La femme désignée par l'écarlate se leva et adressa un sourire apaisant au soldat.
– C'est un plaisir d'enfin faire correctement votre rencontre, Anoro. J'ai beau vous connaître depuis aussi longtemps que Bélial, c'est la première fois que nous pouvons nous parler en face à face.
Le capitaine se souvint de la signification des yeux dorés et écarquilla les siens en détaillant la déesse.
– Raya ? Je ne pensais pas que... Mais comment ?
– On s'en fout de comment, je suis trop contente qu'elle est là ! s'exclama Bélial en se levant à son tour pour serrer dans ses bras son amie. Et devine quoi ? Elle vient de récupérer ses pouvoirs de Sieg, et avec, elle a totalement éclaté un vampire ! Par contre, je lui en veux encore un peu d'avoir embrassé mon Sieg pour ça...
– Je t'avais déjà dis que je n'avais pas eu le choix, c'était la seule solution pour sauver tout le monde ! se défendit la lancière.
– Je ne serais pas le premier à m'en plaindre... soupira Lardzar en frottant les bandages qui faisaient le tour de son cou.
Wadro arriva à cet instant et haussa un sourcil en voyant ce qui se passait. Il balaya la salle du regard et releva deux absences.
– Où sont Farca et Lorelya ?
Les mines basses des Déicides présents ne rassurèrent pas le démon qui pressa leur meneur pour plus de détails.
– Lainabe les a attaquées par surprise, expliqua le bretteur. Il a pris en traître Lorelya et Farca et possédé la première pour attaquer la seconde. Farca est à l'infirmerie dans un état critique, nous ne sommes pas sûrs que...
– Essayez de ne pas m'enterrer trop vite...
Surpris, Wadro et Anoro se retournèrent en s'écartant. Plusieurs visages s'illuminèrent Quand l'alchimiste s'avança péniblement dans la salle du conseil, la moitié de son torse couvert de bandage. Elle était soutenue par Lorelya et Sasine qui veillèrent à ce qu'elle ne tombe pas tant la naine était faible.
– Tu aurai du rester alitée, s'inquiéta Sieg. C'est un sale coup que tu t'es pris.
– Ouais, je sais, tout le monde n'arrête pas de me le répéter... Mais vu que c'est ce crevard de Lainabe qui m'a plantée, j'imagine que Saga est derrière tout ça... Au fait, il a fait comment pour posséder Lorelya ? Nos sceaux devaient nous protéger de ce genre de conneries, non ?
– Saga a trouvé une parade, exposa Ahmés. De ce que j'ai compris, il aurait fait des recherches dessus en apprenant que Sieg ne pouvait pas être contrôlé.

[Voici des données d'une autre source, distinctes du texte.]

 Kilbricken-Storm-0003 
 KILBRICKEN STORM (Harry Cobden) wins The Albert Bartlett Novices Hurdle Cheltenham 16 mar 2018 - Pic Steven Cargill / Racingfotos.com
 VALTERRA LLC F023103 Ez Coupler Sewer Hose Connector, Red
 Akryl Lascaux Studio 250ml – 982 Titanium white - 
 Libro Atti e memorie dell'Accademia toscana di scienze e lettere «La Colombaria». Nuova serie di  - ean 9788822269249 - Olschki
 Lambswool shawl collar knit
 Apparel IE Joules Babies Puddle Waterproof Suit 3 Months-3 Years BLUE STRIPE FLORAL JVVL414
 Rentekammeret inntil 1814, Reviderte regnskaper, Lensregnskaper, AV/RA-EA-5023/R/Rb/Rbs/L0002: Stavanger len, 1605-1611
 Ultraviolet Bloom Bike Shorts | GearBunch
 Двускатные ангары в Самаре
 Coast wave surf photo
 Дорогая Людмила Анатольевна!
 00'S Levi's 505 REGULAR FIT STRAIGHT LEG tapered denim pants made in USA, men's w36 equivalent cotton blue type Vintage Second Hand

– Et merde.. grommela Lorelya. Il a quoi en tête bordel ?
L'elfe et la naine remarquèrent la lancière que Bélial serrait dans ses bras avec affection, intriguées par sa présence. Farca fut la première à comprendre et manqua de s'étrangler.
– Bordel, Raya ? C'est toi ? Je savais qu'on finirais par tomber sur toi, mais je ne pensais pas que ce serait aussi rapide...
– Décidément, tu es bien la plus intelligente d'entre nous... ricana la déesse en se libérant de l'emprise de la démone pour s'approcher de la sang-mêlée. Et sinon, j'ai deux-trois mots à te dire, toi... Parce que tu as du bol que t'a pas complètement foiré ton plan la dernière fois...
– Quoi, t'avais vraiment envie de te réincarner en Sieg ? Je veux bien qu'il soit beau gosse, il n'a pas l'air d'être ton genre...
La déesse et la naine se dévisagèrent un instant puis ricanèrent en tapant chacune le poing tendu de l'autre.
– Je me disais bien qu'on s'entendrait à merveille... commenta la lancière.
– Ouais, tu ne te laisses pas démonter et j'aime ça. Bon, et pour le clébard à côté de Sieg ? C'est le fameux Soren, c'est ça ? Décidément, il s'en est passé des choses, pendant que j'agonisais...
– Affirmatif ! Nous Avons Aussi Récupéré La Pierre De Flegmon.
Avec des yeux aussi ronds que les lunes, Anoro, Farca et Lorelya dévisagèrent Adam avant de reporter leurs regards sur le centre de la table où brillait toujours une mystérieuse pierre. L'alchimiste monta sur une chaise et fixa de plus près l'objet, distinguant une pierre en son centre qui raviva de vieux souvenirs.
– Putain de chiasse de merde... cracha Farca en s'affalant sur sa chaise. Vous êtes sérieux ? On a vraiment réussi à reprendre ça à Saga ? Mais comment ?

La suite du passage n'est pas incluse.